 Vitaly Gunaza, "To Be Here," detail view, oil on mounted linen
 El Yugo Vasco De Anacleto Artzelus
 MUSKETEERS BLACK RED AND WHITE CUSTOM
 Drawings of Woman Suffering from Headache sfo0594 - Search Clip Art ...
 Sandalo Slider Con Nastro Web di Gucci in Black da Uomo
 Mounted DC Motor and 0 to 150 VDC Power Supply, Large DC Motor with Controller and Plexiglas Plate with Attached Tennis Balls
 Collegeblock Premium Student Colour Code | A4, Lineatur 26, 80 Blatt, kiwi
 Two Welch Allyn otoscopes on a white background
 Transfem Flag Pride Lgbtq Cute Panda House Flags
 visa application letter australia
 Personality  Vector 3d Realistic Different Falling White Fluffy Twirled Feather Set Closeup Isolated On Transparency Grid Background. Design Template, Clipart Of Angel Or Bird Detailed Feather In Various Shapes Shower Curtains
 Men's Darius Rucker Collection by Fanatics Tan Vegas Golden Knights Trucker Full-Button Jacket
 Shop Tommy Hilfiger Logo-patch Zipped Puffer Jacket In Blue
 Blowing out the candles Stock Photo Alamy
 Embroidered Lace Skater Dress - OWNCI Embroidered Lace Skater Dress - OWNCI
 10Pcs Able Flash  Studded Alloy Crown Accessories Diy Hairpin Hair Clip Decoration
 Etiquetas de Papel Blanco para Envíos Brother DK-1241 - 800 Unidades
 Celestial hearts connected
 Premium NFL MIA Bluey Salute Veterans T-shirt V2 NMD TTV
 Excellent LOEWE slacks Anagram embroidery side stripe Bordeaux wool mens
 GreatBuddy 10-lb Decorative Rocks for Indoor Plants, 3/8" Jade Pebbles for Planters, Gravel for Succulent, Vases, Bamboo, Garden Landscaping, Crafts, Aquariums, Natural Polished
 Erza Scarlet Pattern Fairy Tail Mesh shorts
+++++
**WHAT THE TASK ASKS:**
Copy all the records above exactly, missing none.

**RESPONSE:**
 Vitaly Gunaza, "To Be Here," detail view, oil on mounted linen
 El Yugo Vasco De Anacleto Artzelus
 MUSKETEERS BLACK RED AND WHITE CUSTOM
 Drawings of Woman Suffering from Headache sfo0594 - Search Clip Art ...
 Sandalo Slider Con Nastro Web di Gucci in Black da Uomo
 Mounted DC Motor and 0 to 150 VDC Power Supply, Large DC Motor with Controller and Plexiglas Plate with Attached Tennis Balls
 Collegeblock Premium Student Colour Code | A4, Lineatur 26, 80 Blatt, kiwi
 Two Welch Allyn otoscopes on a white background
 Transfem Flag Pride Lgbtq Cute Panda House Flags
 visa application letter australia
 Personality  Vector 3d Realistic Different Falling White Fluffy Twirled Feather Set Closeup Isolated On Transparency Grid Background. Design Template, Clipart Of Angel Or Bird Detailed Feather In Various Shapes Shower Curtains
 Men's Darius Rucker Collection by Fanatics Tan Vegas Golden Knights Trucker Full-Button Jacket
 Shop Tommy Hilfiger Logo-patch Zipped Puffer Jacket In Blue
 Blowing out the candles Stock Photo Alamy
 Embroidered Lace Skater Dress - OWNCI Embroidered Lace Skater Dress - OWNCI
 10Pcs Able Flash  Studded Alloy Crown Accessories Diy Hairpin Hair Clip Decoration
 Etiquetas de Papel Blanco para Envíos Brother DK-1241 - 800 Unidades
 Celestial hearts connected
 Premium NFL MIA Bluey Salute Veterans T-shirt V2 NMD TTV
 Excellent LOEWE slacks Anagram embroidery side stripe Bordeaux wool mens
 GreatBuddy 10-lb Decorative Rocks for Indoor Plants, 3/8" Jade Pebbles for Planters, Gravel for Succulent, Vases, Bamboo, Garden Landscaping, Crafts, Aquariums, Natural Polished
 Erza Scarlet Pattern Fairy Tail Mesh shorts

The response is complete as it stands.